En faire un levier de pilotage
La facturation électronique est présentée, à raison, comme une contrainte réglementaire. Mais dans mon expérience de terrain, les entreprises qui l’abordent uniquement sous cet angle passent à côté de son principal bénéfice : une visibilité en temps réel sur leur trésorerie.
Une facture structurée, mieux suivie, permet d’identifier plus rapidement un retard de paiement et d’ajuster son pilotage financier en conséquence. Pour une TPE qui vit au rythme de sa caisse, cette visibilité change concrètement la donne, bien au-delà de la simple mise en conformité fiscale.
C’est le message que je porte auprès de mes clients : traiter cette réforme comme une contrainte isolée revient à se priver d’un vrai outil de gestion. Traitée comme un projet d’organisation à part entière, elle peut, au contraire, améliorer durablement le pilotage de l’entreprise.
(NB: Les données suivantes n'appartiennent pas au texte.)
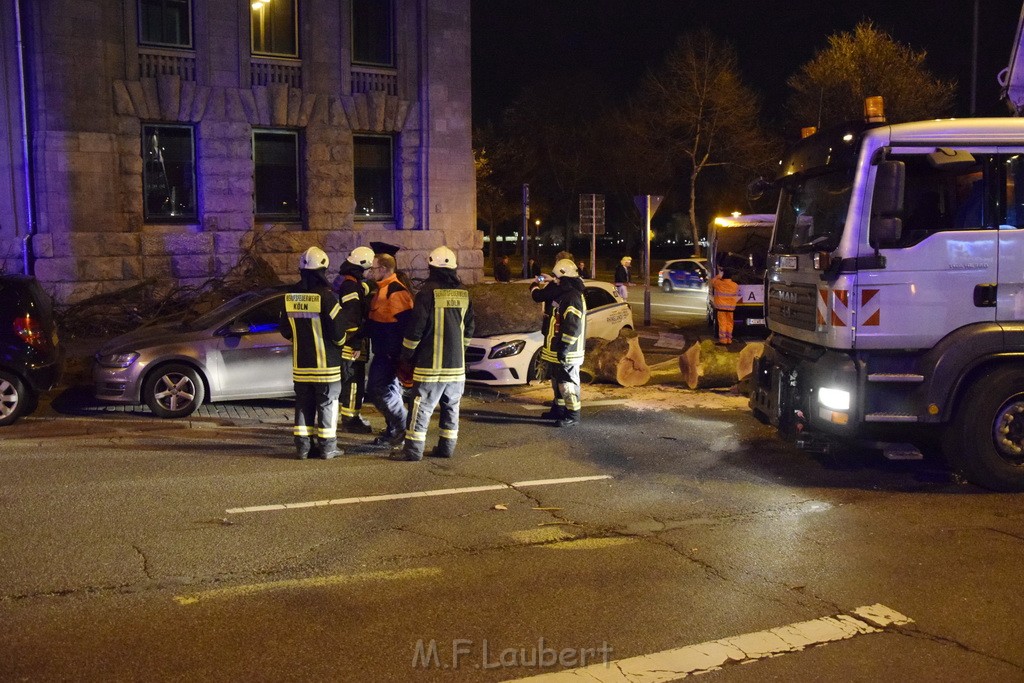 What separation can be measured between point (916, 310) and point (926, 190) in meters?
0.94

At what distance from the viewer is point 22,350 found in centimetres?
1022

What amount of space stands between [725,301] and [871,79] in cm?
2128

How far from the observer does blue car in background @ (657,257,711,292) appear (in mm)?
33922

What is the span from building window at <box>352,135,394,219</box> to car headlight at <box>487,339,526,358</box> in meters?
8.92

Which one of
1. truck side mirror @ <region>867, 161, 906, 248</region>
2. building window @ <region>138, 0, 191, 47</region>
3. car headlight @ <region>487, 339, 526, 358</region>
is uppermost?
building window @ <region>138, 0, 191, 47</region>

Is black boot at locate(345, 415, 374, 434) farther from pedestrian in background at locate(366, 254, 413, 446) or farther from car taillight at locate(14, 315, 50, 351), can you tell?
car taillight at locate(14, 315, 50, 351)

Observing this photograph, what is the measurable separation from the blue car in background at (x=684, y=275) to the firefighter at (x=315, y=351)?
85.3 ft

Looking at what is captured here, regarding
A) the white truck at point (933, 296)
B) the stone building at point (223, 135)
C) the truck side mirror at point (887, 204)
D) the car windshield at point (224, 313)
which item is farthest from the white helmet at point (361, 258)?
the stone building at point (223, 135)

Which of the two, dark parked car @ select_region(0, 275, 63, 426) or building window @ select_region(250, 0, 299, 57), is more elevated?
building window @ select_region(250, 0, 299, 57)

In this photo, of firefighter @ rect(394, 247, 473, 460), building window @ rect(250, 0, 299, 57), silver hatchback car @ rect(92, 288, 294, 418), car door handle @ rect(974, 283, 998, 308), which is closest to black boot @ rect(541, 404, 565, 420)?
firefighter @ rect(394, 247, 473, 460)

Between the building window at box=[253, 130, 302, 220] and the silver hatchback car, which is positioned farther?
the building window at box=[253, 130, 302, 220]

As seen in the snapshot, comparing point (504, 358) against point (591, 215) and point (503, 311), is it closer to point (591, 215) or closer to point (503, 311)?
point (503, 311)

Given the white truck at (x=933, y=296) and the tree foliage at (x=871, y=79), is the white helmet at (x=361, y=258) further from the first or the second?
the tree foliage at (x=871, y=79)

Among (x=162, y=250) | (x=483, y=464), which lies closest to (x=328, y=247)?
(x=162, y=250) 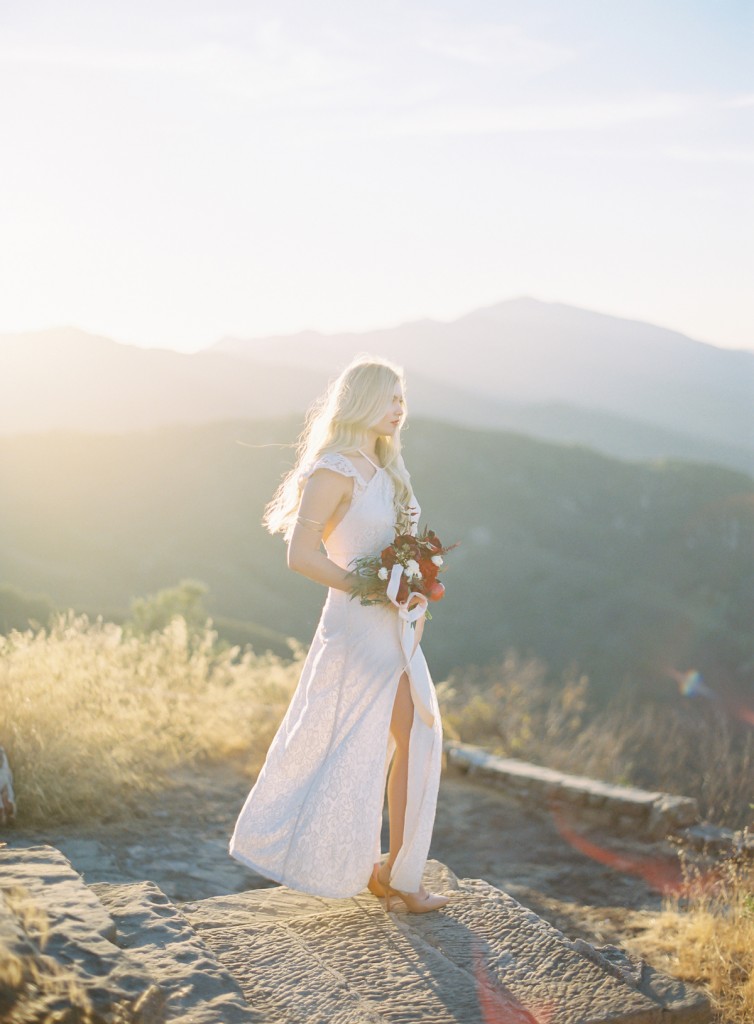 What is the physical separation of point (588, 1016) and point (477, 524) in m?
55.2

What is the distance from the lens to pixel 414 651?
361cm

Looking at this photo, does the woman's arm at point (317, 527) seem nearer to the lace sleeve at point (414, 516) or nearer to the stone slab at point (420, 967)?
the lace sleeve at point (414, 516)

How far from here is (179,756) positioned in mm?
6191

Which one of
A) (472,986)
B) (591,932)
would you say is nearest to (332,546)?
(472,986)

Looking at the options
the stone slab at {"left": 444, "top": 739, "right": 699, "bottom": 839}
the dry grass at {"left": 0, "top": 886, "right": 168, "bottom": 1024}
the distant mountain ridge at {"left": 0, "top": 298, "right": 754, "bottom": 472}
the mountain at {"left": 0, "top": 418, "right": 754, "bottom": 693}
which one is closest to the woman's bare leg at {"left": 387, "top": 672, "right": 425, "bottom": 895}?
A: the dry grass at {"left": 0, "top": 886, "right": 168, "bottom": 1024}

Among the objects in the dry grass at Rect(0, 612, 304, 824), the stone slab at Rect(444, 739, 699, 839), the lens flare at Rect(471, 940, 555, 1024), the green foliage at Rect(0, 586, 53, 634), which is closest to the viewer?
the lens flare at Rect(471, 940, 555, 1024)

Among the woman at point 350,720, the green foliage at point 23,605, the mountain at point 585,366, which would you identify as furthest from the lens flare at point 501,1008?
the mountain at point 585,366

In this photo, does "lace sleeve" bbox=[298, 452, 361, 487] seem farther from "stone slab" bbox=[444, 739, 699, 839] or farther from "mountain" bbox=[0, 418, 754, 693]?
"mountain" bbox=[0, 418, 754, 693]

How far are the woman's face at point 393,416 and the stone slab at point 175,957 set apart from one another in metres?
1.80

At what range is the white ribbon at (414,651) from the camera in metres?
3.43

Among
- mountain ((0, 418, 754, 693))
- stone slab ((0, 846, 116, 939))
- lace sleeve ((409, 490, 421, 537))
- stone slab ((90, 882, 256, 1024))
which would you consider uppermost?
lace sleeve ((409, 490, 421, 537))

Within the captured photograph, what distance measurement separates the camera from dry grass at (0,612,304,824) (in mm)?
4992

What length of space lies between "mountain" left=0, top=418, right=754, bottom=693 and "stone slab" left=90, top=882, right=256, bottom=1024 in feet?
79.7

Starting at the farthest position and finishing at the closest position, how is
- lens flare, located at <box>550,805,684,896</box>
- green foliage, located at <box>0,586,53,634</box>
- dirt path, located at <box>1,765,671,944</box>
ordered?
green foliage, located at <box>0,586,53,634</box> < lens flare, located at <box>550,805,684,896</box> < dirt path, located at <box>1,765,671,944</box> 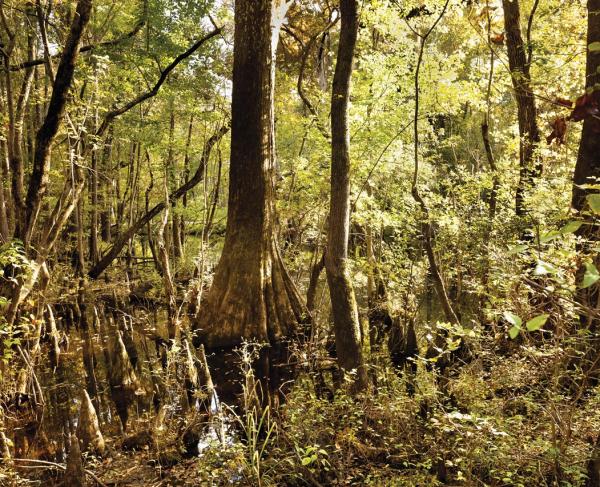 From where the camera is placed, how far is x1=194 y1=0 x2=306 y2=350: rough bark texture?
7723 millimetres

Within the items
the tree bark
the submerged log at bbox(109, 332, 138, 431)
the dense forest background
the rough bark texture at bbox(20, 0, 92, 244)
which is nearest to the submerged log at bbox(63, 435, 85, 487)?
the dense forest background

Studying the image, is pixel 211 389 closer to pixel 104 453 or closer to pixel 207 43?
pixel 104 453

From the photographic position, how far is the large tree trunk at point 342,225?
498cm

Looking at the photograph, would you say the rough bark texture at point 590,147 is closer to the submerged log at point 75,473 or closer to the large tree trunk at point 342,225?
the large tree trunk at point 342,225

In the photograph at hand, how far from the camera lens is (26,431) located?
543cm

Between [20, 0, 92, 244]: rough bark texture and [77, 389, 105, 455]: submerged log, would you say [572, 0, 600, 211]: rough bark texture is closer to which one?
[20, 0, 92, 244]: rough bark texture

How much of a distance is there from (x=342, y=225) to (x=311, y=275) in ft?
14.3

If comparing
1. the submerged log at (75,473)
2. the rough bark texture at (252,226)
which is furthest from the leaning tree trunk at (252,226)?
the submerged log at (75,473)

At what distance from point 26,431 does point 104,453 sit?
1.52m

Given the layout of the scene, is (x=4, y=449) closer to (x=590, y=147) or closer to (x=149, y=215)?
(x=590, y=147)

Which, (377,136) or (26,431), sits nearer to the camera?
(26,431)

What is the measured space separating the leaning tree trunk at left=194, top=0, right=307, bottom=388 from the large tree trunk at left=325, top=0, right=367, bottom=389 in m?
2.76

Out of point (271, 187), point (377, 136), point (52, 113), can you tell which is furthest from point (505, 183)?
point (52, 113)

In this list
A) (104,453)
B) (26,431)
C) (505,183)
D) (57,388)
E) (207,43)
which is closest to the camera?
(104,453) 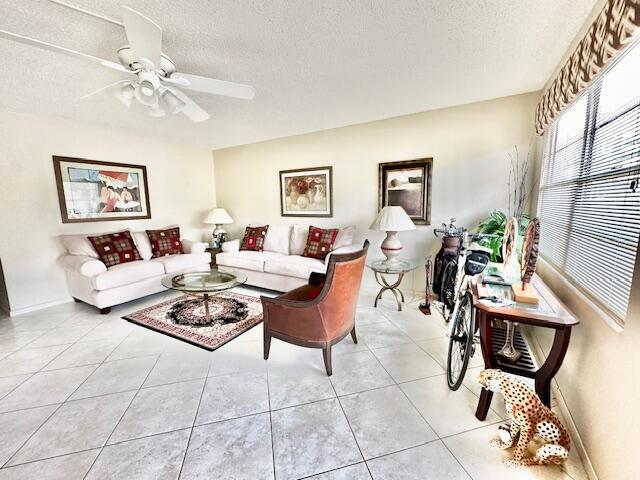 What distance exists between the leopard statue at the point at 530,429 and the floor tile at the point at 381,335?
3.67 feet

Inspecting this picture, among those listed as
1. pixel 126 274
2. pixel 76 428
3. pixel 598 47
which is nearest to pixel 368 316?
pixel 76 428

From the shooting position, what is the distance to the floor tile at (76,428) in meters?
1.41

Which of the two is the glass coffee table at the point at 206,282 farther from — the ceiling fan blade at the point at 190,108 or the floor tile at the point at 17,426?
the ceiling fan blade at the point at 190,108

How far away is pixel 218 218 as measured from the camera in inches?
190

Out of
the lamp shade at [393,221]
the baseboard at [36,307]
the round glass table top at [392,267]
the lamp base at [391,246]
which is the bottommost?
the baseboard at [36,307]

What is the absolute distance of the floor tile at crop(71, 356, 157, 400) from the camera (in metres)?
1.86

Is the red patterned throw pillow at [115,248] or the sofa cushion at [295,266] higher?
the red patterned throw pillow at [115,248]

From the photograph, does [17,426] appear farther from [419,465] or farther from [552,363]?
[552,363]

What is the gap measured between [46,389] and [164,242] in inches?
97.7

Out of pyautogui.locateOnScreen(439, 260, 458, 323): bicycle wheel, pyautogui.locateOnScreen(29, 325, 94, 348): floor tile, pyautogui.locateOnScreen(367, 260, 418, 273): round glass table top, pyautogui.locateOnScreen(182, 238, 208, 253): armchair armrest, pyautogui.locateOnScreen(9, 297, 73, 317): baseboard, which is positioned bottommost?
pyautogui.locateOnScreen(29, 325, 94, 348): floor tile

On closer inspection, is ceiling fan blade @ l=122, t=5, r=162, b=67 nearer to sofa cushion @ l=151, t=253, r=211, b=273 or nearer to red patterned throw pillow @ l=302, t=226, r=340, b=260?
red patterned throw pillow @ l=302, t=226, r=340, b=260

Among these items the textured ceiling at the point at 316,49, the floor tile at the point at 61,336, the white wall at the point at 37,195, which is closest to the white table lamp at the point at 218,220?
the white wall at the point at 37,195

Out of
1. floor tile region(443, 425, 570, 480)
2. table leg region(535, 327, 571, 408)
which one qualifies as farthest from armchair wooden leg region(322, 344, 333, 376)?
table leg region(535, 327, 571, 408)

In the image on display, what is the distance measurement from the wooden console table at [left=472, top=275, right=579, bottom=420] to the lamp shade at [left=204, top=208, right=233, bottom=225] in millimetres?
4259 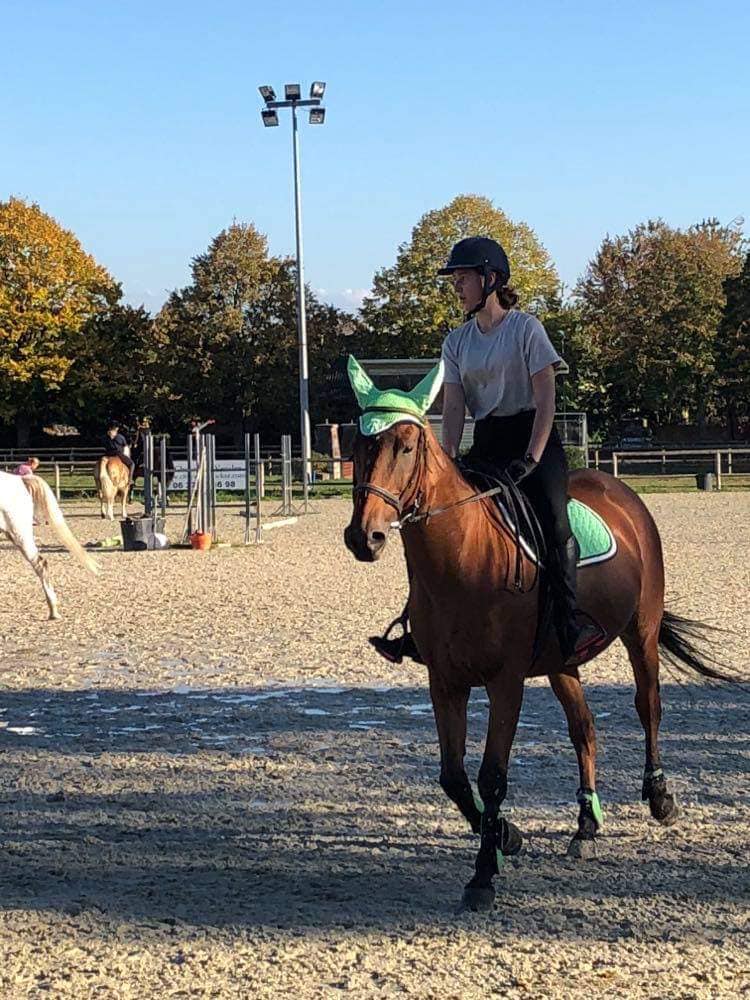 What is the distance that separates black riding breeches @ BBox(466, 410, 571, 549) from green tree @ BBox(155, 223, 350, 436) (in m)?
54.2

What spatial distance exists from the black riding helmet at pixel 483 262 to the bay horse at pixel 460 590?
644mm

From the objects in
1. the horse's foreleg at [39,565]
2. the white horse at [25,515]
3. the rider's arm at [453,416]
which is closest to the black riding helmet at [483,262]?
the rider's arm at [453,416]

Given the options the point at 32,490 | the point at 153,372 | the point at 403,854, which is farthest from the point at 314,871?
the point at 153,372

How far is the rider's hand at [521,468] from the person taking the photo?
5.15 meters

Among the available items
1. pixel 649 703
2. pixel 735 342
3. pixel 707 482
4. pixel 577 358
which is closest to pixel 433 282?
pixel 577 358

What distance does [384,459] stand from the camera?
4.52m

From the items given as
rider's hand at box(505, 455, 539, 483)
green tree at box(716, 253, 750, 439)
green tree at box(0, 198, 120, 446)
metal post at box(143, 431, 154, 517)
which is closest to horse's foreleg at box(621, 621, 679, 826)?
rider's hand at box(505, 455, 539, 483)

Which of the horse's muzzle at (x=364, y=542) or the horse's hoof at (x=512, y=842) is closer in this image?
the horse's muzzle at (x=364, y=542)

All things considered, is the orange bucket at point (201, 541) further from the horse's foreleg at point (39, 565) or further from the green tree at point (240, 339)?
the green tree at point (240, 339)

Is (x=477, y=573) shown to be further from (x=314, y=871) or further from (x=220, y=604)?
(x=220, y=604)

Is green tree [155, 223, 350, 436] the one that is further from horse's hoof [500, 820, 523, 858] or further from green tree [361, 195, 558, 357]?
horse's hoof [500, 820, 523, 858]

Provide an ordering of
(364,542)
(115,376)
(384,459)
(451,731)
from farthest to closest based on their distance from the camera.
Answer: (115,376), (451,731), (384,459), (364,542)

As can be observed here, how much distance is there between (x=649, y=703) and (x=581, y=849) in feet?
3.27

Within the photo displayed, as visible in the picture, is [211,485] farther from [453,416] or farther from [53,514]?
[453,416] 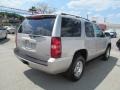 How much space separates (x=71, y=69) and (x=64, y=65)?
460mm

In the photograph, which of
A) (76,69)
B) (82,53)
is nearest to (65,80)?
(76,69)

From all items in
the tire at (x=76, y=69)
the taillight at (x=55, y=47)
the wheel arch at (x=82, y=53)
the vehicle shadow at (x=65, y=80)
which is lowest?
the vehicle shadow at (x=65, y=80)

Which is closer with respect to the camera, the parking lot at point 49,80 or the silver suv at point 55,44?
the silver suv at point 55,44

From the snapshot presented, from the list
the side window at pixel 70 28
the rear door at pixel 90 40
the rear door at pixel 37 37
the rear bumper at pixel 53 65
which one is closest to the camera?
the rear bumper at pixel 53 65

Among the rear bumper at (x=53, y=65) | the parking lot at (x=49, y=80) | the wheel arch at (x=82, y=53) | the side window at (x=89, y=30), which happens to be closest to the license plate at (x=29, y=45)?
the rear bumper at (x=53, y=65)

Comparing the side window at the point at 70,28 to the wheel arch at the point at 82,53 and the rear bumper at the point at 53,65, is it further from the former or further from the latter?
the rear bumper at the point at 53,65

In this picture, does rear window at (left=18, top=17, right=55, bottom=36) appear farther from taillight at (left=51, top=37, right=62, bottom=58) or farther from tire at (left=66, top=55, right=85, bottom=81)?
tire at (left=66, top=55, right=85, bottom=81)

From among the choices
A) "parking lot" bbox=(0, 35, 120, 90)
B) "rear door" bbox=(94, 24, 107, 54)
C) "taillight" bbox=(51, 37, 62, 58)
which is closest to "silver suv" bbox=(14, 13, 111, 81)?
"taillight" bbox=(51, 37, 62, 58)

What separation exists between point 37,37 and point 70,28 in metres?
0.98

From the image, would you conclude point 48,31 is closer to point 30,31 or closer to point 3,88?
point 30,31

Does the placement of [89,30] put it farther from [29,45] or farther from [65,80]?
[29,45]

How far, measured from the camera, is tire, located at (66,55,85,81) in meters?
4.85

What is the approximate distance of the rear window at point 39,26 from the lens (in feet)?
14.4

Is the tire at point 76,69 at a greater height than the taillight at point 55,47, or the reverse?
the taillight at point 55,47
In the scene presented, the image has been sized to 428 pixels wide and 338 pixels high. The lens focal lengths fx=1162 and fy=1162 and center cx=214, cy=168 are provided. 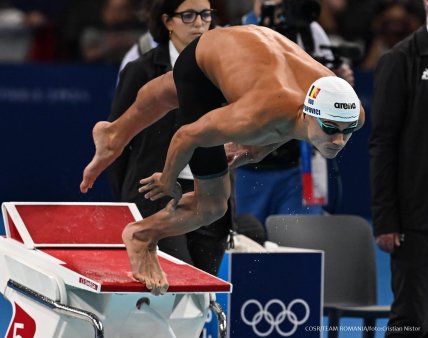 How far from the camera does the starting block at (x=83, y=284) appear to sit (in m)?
4.55

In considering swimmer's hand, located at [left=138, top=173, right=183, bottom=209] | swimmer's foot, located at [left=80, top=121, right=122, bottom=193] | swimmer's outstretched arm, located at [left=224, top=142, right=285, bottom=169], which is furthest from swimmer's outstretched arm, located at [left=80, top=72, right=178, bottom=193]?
swimmer's hand, located at [left=138, top=173, right=183, bottom=209]

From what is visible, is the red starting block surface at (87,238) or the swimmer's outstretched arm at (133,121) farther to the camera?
the swimmer's outstretched arm at (133,121)

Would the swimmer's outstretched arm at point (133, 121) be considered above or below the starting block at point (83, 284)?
above

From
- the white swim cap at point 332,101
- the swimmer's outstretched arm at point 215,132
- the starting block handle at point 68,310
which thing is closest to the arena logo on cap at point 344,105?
the white swim cap at point 332,101

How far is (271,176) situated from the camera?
21.8 feet

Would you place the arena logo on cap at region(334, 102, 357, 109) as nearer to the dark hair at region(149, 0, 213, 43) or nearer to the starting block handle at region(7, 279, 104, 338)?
the starting block handle at region(7, 279, 104, 338)

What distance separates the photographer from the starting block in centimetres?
455

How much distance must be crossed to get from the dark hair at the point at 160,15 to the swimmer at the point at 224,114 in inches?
22.9

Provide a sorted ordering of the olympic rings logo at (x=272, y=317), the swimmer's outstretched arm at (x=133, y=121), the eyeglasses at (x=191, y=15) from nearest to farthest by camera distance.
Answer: the swimmer's outstretched arm at (x=133, y=121) < the eyeglasses at (x=191, y=15) < the olympic rings logo at (x=272, y=317)

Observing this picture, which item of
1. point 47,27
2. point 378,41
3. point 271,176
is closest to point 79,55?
point 47,27

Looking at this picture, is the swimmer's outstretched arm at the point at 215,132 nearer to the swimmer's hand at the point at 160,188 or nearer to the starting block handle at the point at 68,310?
the swimmer's hand at the point at 160,188

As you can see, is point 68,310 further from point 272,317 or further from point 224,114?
point 272,317

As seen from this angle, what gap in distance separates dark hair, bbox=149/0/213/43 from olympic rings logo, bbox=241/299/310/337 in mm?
1392

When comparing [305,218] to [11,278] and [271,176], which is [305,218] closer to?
[271,176] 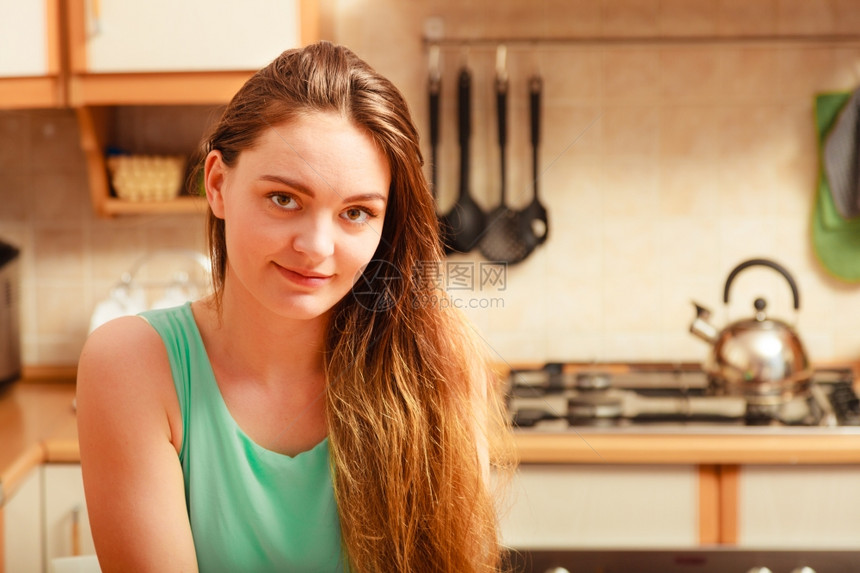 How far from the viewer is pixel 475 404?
40.5 inches

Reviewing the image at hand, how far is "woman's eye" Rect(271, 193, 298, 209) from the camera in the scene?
0.81m

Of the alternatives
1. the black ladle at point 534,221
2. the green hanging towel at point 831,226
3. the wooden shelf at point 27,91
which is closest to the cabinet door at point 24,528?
the wooden shelf at point 27,91

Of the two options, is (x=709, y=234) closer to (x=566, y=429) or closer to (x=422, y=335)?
(x=566, y=429)

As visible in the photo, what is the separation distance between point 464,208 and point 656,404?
0.63 m

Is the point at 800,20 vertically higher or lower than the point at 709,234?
higher

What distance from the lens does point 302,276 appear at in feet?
2.73

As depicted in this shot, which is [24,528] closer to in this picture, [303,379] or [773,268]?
[303,379]

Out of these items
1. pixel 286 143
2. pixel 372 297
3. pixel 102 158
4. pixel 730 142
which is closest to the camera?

J’observe souvent, chez les dirigeants qui ont franchi le pas plusieurs mois à l’avance, un même constat a posteriori : la contrainte initiale s’est transformée en amélioration durable de leur gestion quotidienne, notamment sur le suivi des encaissements. Un motif suffisant, à mon sens, pour ne pas aborder cette réforme uniquement sous l’angle de l’obligation.
Conclusion
Anticiper le calendrier, choisir sa plateforme avec méthode, et transformer une obligation réglementaire en outil de gestion : ces trois réflexes ne demandent pas de compétences techniques particulières, seulement de s’y prendre suffisamment tôt. Les dirigeants qui commencent aujourd’hui aborderont l’échéance de septembre 2026 avec sérénité. Ceux qui attendent le dernier trimestre risquent, eux, de découvrir la réforme au pire moment : celui où il ne reste plus de marge pour corriger le tir.